Sentencia SOCIAL Nº 2806/...io de 2020

Última revisión
17/09/2017

Sentencia SOCIAL Nº 2806/2020, Tribunal Superior de Justicia de Comunidad Valenciana, Sala de lo Social, Sección 1, Rec 2894/2019 de 14 de Julio de 2020

nuevo

GPT Iberley IA

Copiloto jurídico


Relacionados:

Tiempo de lectura: 12 min

Orden: Social

Fecha: 14 de Julio de 2020

Tribunal: TSJ Comunidad Valenciana

Ponente: MORENO DE VIANA-CARDENAS, ISABEL

Nº de sentencia: 2806/2020

Núm. Cendoj: 46250340012020102225

Núm. Ecli: ES:TSJCV:2020:4955

Núm.

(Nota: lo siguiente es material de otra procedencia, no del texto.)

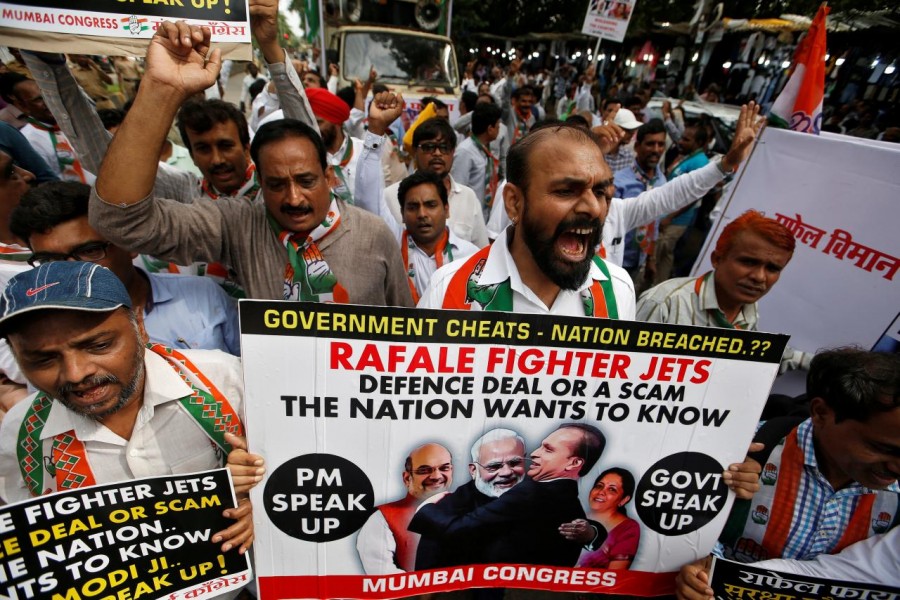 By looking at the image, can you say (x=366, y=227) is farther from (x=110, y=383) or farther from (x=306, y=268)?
(x=110, y=383)

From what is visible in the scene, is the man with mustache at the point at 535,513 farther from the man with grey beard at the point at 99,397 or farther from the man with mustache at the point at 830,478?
the man with grey beard at the point at 99,397

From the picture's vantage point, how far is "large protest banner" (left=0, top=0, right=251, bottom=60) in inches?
56.9

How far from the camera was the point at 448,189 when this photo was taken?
3.64m

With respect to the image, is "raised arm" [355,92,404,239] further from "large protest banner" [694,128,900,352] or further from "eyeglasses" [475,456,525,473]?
"large protest banner" [694,128,900,352]

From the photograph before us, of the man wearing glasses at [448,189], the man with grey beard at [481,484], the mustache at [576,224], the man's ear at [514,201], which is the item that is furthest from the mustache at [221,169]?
the man with grey beard at [481,484]

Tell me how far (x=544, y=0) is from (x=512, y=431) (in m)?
33.7

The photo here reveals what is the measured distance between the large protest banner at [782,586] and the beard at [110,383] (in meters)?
1.83

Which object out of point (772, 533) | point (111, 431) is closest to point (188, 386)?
point (111, 431)

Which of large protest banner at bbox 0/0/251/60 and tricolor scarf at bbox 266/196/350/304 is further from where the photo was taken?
tricolor scarf at bbox 266/196/350/304

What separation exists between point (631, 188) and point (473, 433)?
11.9 ft

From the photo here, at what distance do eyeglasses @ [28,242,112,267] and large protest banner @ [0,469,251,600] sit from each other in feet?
3.07

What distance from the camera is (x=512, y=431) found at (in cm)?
141

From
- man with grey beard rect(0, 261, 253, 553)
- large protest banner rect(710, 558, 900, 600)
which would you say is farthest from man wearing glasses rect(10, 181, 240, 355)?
large protest banner rect(710, 558, 900, 600)

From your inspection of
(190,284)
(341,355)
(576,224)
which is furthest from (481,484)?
(190,284) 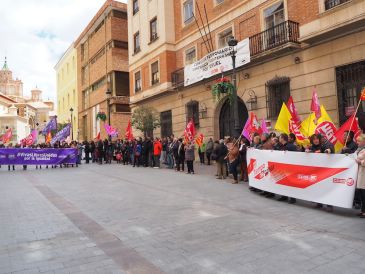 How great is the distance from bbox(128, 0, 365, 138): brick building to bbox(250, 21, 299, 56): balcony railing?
0.14 feet

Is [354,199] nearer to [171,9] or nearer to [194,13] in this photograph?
[194,13]

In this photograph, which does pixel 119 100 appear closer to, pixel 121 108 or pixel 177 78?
pixel 121 108

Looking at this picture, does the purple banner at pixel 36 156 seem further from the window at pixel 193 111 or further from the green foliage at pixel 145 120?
the window at pixel 193 111

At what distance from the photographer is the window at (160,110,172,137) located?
23888 mm

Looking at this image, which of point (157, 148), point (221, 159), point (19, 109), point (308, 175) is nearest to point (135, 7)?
point (157, 148)

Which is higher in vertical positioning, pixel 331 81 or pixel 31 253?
pixel 331 81

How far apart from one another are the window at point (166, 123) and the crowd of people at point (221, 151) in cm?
356

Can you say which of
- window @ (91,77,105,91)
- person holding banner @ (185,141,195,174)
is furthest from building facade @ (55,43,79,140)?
person holding banner @ (185,141,195,174)

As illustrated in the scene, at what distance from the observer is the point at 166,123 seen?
2433cm

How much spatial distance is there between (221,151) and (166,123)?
1209 centimetres

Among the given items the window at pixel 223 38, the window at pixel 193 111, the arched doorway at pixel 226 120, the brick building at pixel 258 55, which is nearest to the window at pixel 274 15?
the brick building at pixel 258 55

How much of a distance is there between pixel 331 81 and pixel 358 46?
5.14ft

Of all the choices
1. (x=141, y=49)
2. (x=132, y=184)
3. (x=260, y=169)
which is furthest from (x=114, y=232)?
(x=141, y=49)

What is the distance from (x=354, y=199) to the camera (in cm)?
710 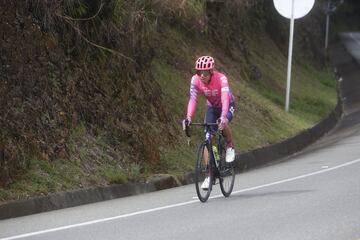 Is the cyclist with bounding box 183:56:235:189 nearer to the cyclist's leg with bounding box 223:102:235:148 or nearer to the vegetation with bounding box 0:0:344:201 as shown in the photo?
the cyclist's leg with bounding box 223:102:235:148

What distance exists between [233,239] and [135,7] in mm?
7585

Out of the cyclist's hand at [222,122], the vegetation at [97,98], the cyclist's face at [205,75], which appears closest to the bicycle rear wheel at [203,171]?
the cyclist's hand at [222,122]

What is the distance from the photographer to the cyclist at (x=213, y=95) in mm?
10383

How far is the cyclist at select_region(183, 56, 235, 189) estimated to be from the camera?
10.4m

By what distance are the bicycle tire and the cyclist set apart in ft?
0.30

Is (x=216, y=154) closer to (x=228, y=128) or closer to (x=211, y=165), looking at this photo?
(x=211, y=165)

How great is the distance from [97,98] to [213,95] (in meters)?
3.38

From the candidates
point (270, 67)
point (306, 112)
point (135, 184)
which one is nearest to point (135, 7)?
point (135, 184)

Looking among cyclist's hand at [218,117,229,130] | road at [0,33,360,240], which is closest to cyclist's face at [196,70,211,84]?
cyclist's hand at [218,117,229,130]

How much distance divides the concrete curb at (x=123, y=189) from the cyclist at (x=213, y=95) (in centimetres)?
181

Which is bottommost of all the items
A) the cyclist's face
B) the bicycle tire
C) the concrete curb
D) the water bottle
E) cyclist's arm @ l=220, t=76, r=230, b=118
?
the concrete curb

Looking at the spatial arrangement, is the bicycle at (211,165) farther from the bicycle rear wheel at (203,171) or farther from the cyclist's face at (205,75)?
the cyclist's face at (205,75)

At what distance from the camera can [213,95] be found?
10.8 meters

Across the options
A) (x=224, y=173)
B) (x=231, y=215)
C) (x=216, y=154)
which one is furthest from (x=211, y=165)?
(x=231, y=215)
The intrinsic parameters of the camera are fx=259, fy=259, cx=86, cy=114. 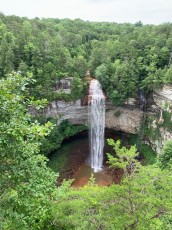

Roj: STSJ CV 4955/2020


Encabezamiento


1
Recurso de Suplicación 2894/19
TRIBUNAL SUPERIOR DE JUSTICIA
COMUNIDAD VALENCIANA
Sala de lo Social
Recurso de suplicación 002894/2019
Ilmas. Sras. e Ilmo. Sr.
Dª. Isabel Moreno de Viana Cárdenas, presidenta
Dª. Mercedes Boronat Tormo
D. Miguel Angel Beltrán Aleu
En Valencia, a catorce de julio de dos mil veinte.
La Sala de lo Social del Tribunal Superior de Justicia de la Comunidad Valenciana ha dictado la siguiente,
SENTENCIA NÚM. 002806/2020
En el recurso de suplicación 002894/2019, interpuesto contra la sentencia de fecha 20 de junio de 2019, dictada
por el JUZGADO DE LO SOCIAL Nº 3 DE CASTELLÓN DE LA PLANA, en los autos 000626/2018, seguidos sobre
grado invalidez, a instancia de D. Paulino , asistido por el Graduado social D. Ruben Claramonte Marti, contra
TESORERIA GENERAL DE LA SEGURIDAD SOCIAL e INSTITUTO NACIONAL DE LA SEGURIDAD SOCIAL, y en los
que es recurrente la parte demandada INSTITUTO NACIONAL DE LA SEGURIDAD SOCIAL, ha actuado como
ponente la Ilma. Sra. Dª. Isabel Moreno de Viana Cárdenas.

Antecedentes


PRIMERO.- La sentencia recurrida dice literalmente en su parte dispositiva: 'FALLO: Que estimando la demanda interpuesta por Paulino contra el INSTITUTO NACIONAL DE LA SEGURIDAD SOCIAL y la TESORERIA GENERAL DE LA SEGURIDAD SOCIAL, declaro que el demandante se encuentra en situación de incapacidad permanente absoluta, con origen en enfermedad común; y, en consecuencia, condeno a la Entidad Gestora a estar y pasar por esta declaración y a abonar al demandante una pensión vitalicia y mensual en la cuantía del 100% de la base reguladora de 2171,82euros mensuales, con los incrementos y los límites legales correspondientes y con efectos desde el día 6 de abril de 2018. '.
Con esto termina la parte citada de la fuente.